**Problem description**
Below are lines of records; copy exactly those from the one containing "Детская ванночка для" through the one containing "NEW BALANCE ローカットスニーカー", leaving the pictures behind.

**Provided data**
▽

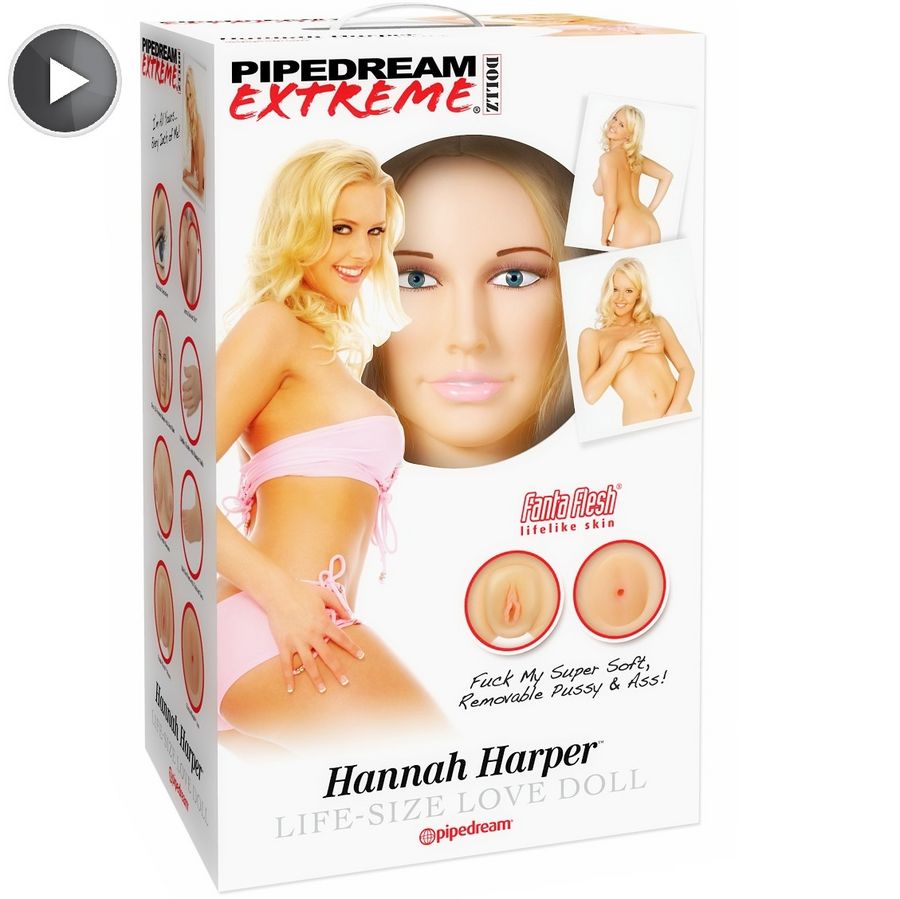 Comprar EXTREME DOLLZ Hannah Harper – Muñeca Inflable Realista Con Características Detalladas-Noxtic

△
▽

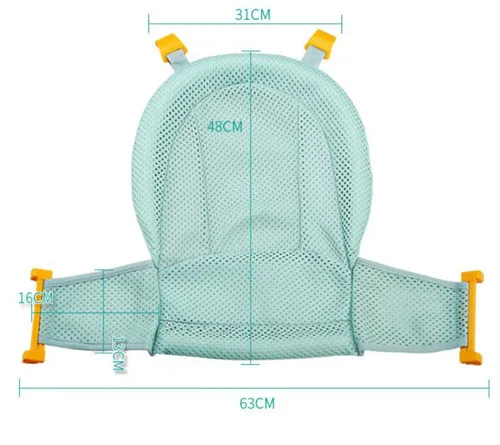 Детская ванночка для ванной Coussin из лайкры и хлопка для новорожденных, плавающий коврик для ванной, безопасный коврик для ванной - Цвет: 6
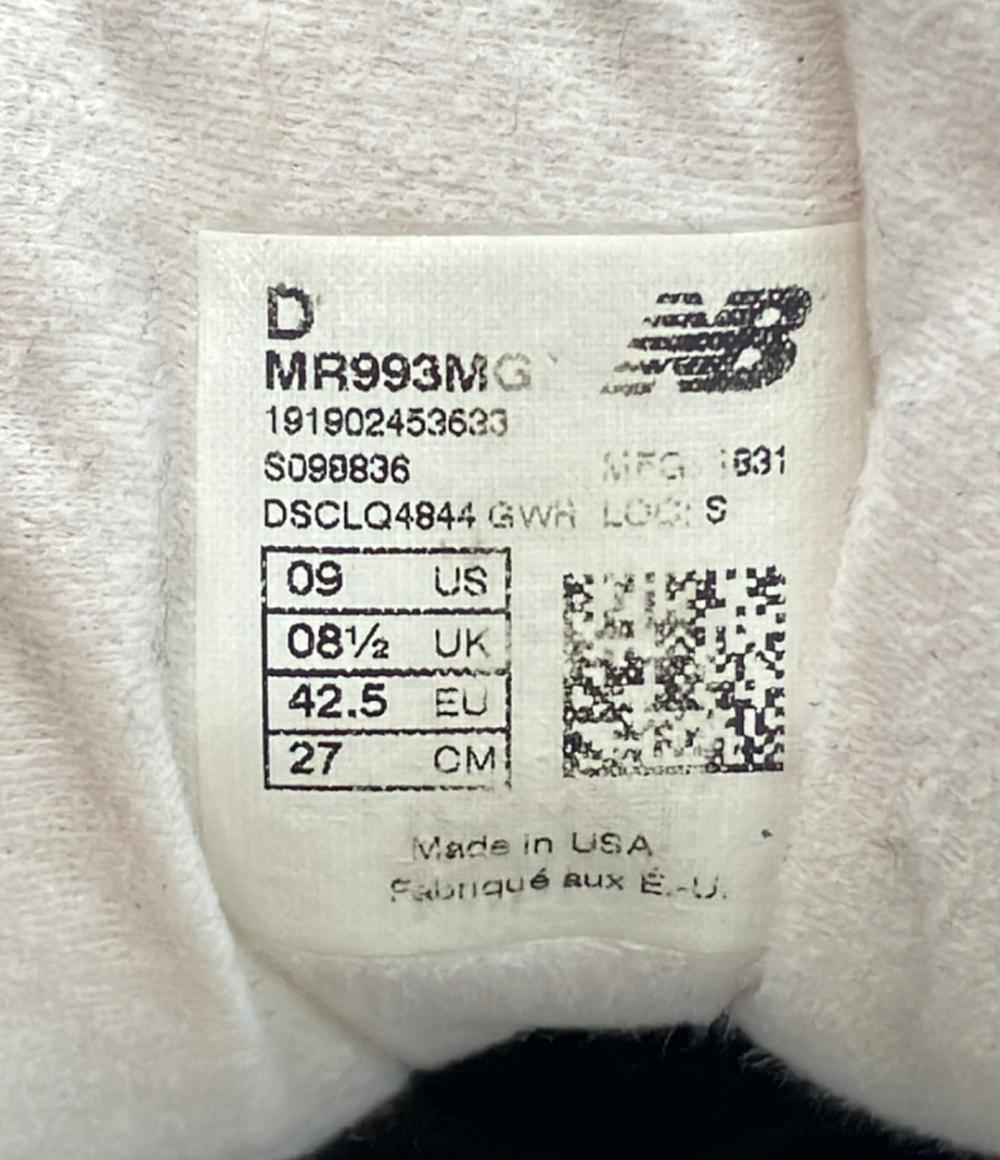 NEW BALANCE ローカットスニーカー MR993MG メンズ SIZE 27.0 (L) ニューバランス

△

**Completed exercise**
 Детская ванночка для ванной Coussin из лайкры и хлопка для новорожденных, плавающий коврик для ванной, безопасный коврик для ванной - Цвет: 6
 NEW BALANCE ローカットスニーカー MR993MG メンズ SIZE 27.0 (L) ニューバランス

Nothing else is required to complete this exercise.